Austria is a strange case of a nation. We used to rule over Germany as a germanic state until Napoleon and Bismarck divided Germany and until the Austrian Empire failed in WW1. So the country was left with no real identity and wanted to join Germany which it did when the Nazis rose to power. After WW2 Austria had to rebuild its own identity which led to neutrality, the lie that we were the first victim of Hitler and therefore also a vastly different cultural approach to dealing with the Nazi past, although real Nazism with its symbols is forbidden just like in Germany. After a few tries to form a Naziesque party ultimately FPÖ suceeded in just being not openly Nazi enough to be forbidden, which at that time was an economic-liberal, germannational miniparty.
End of the story is that a clever politician named Jörg Haider took over the right-winged, liberal FPÖ and transformed it into a people's party through right-winged populism. When he couldn't get rid of the Nazi parts of the party he formed a new right-winged party, but died soon after and his new party with him, leaving the field, the established brand FPÖ as "the thrid power" and his techniques of right-winged provocation to exactly those ultraright people he wanted to get rid of.
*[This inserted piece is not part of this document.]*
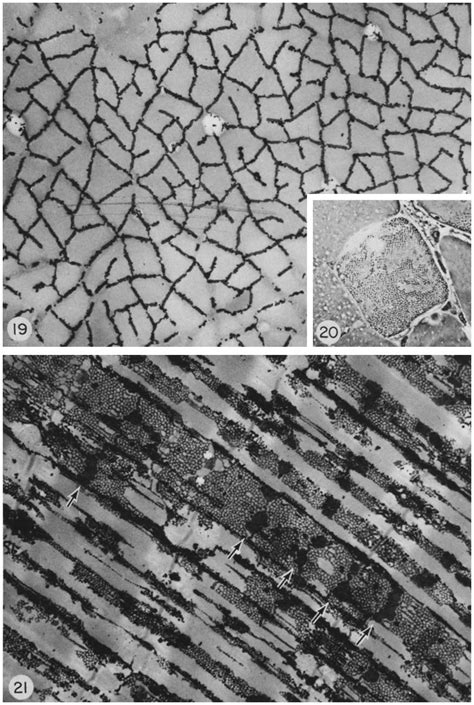 In this muscle fiber from a crab, both T tubules and SR have been... | Download Scientific Diagram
So it is basically a story of making people get used to far-right ideas over a long time. Germany is probably going to take the same road over the longrun, although they have the advantage that AfD didn't take over an established label like FDP (germanys iberals), they have an existing left-wing protest voice (which Austria doesn't, which is why FPÖ is reaching far into the working classes whenever there is no good socialist alternative) and Bavarian conservatives CSU with a much more hardline profile to take on AfD's core topics, assuming there comes a time when this becomes necessary.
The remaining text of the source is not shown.